■ PROBLEM STATEMENT ■
Images should be omitted while the rest of the data is duplicated exactly.

■ COLLECTED DATA ■
========================

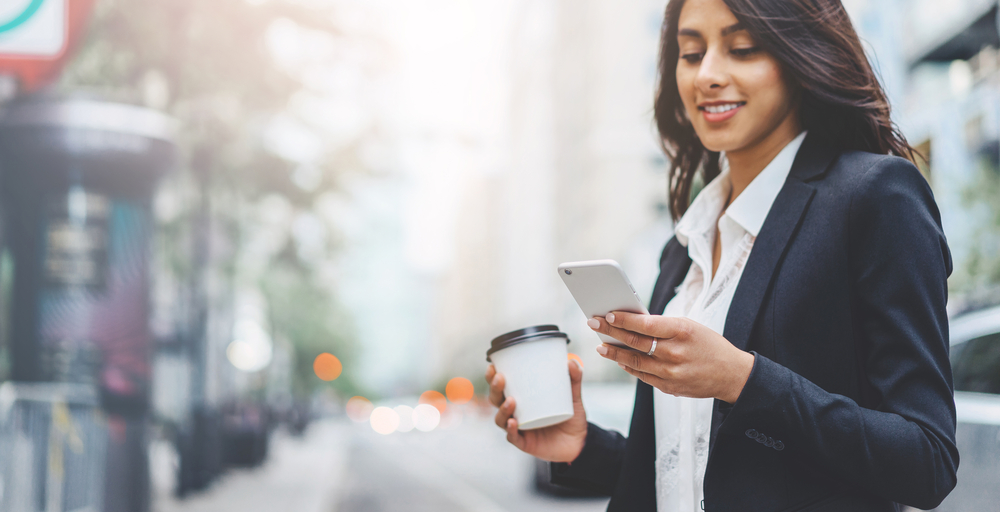 business woman using phone to receive remote support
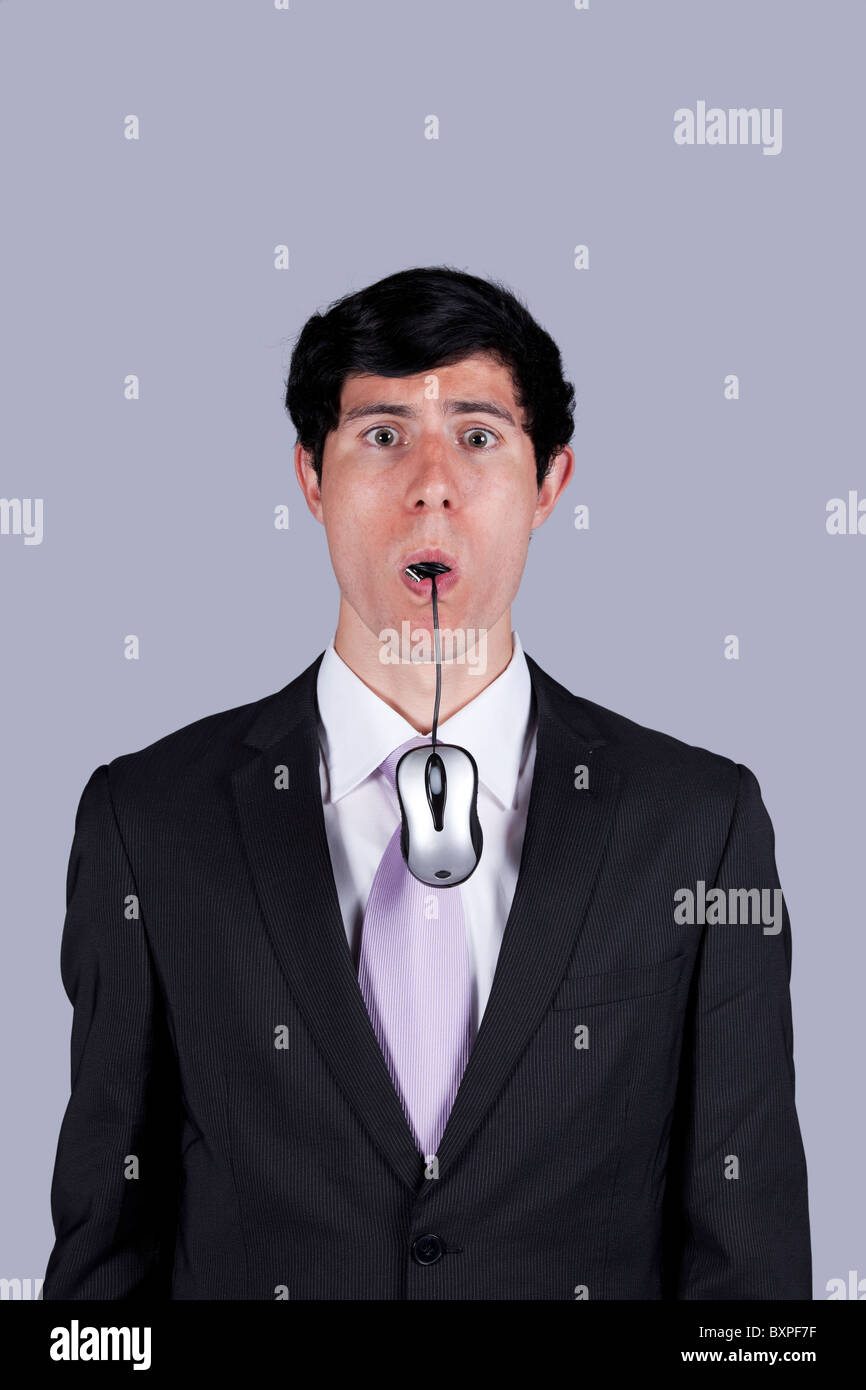 Modern businessman eating a computer mouse (isolated on gray Stock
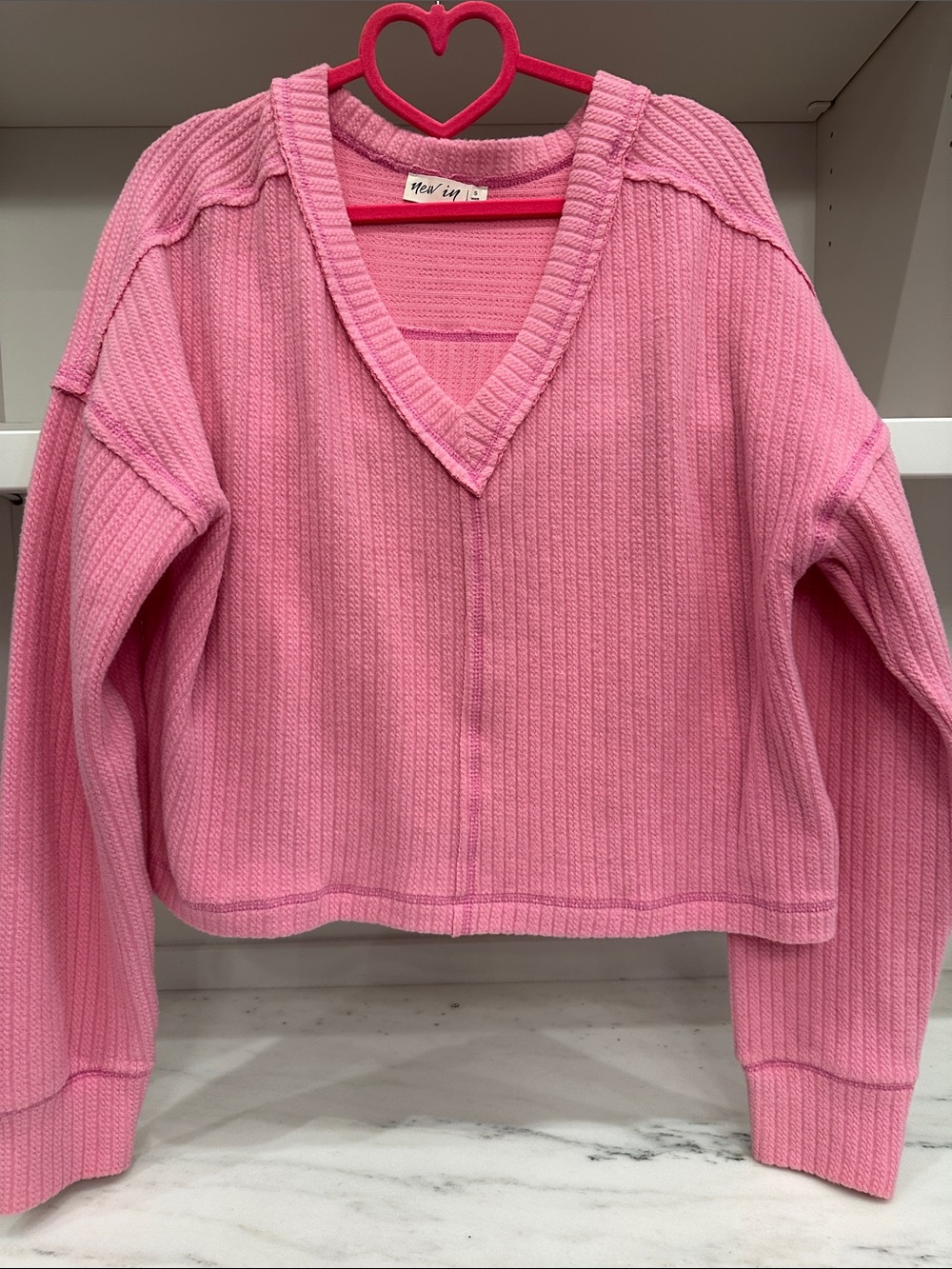 New In small pink ribbed v-neck sweater.  Like new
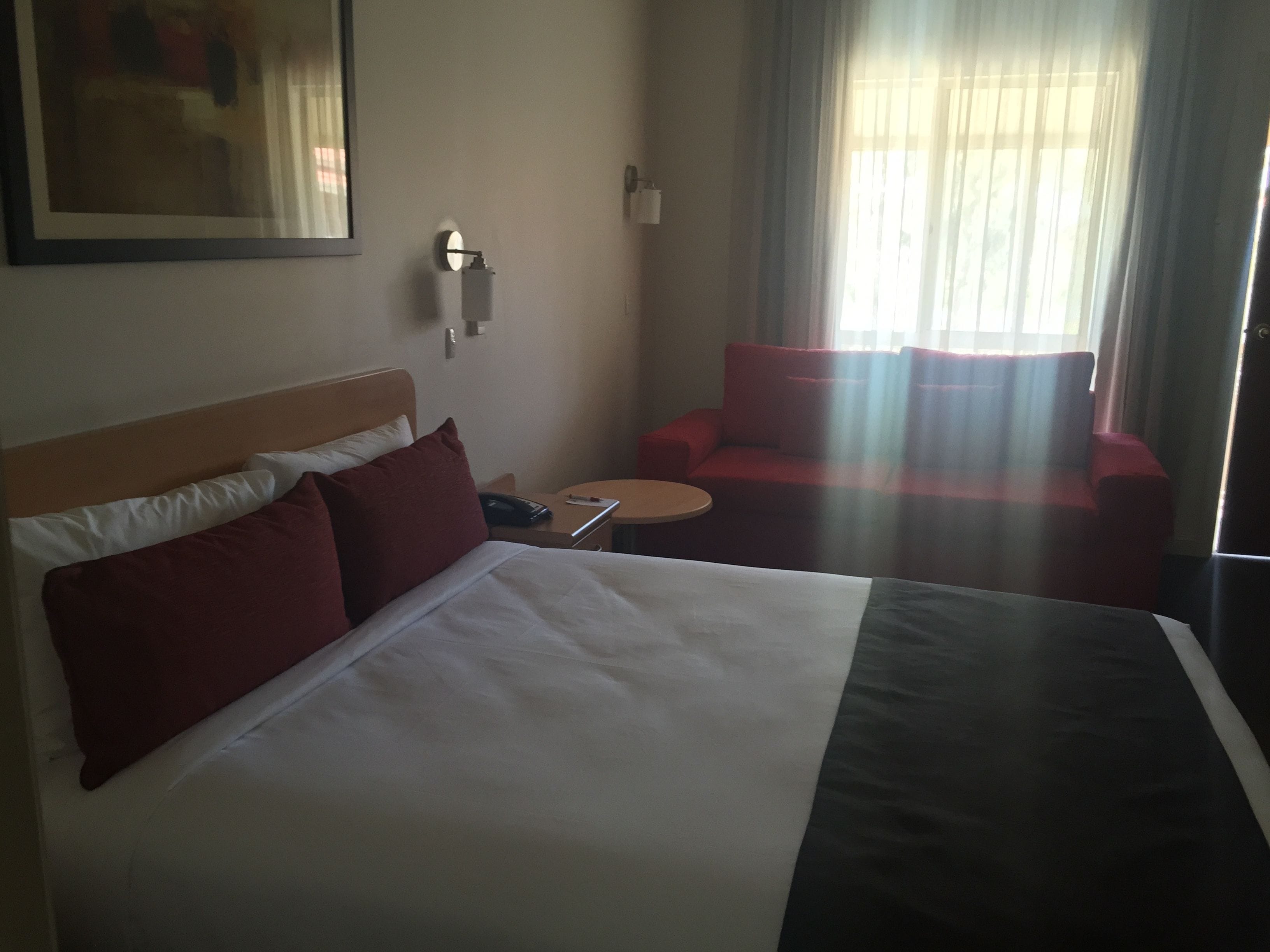 A hotel room with a large bed, a red sofa, a small round table, and a painting on the wall.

========================

■ FINISHED TASK ■
 business woman using phone to receive remote support
 Modern businessman eating a computer mouse (isolated on gray Stock
 New In small pink ribbed v-neck sweater.  Like new
 A hotel room with a large bed, a red sofa, a small round table, and a painting on the wall.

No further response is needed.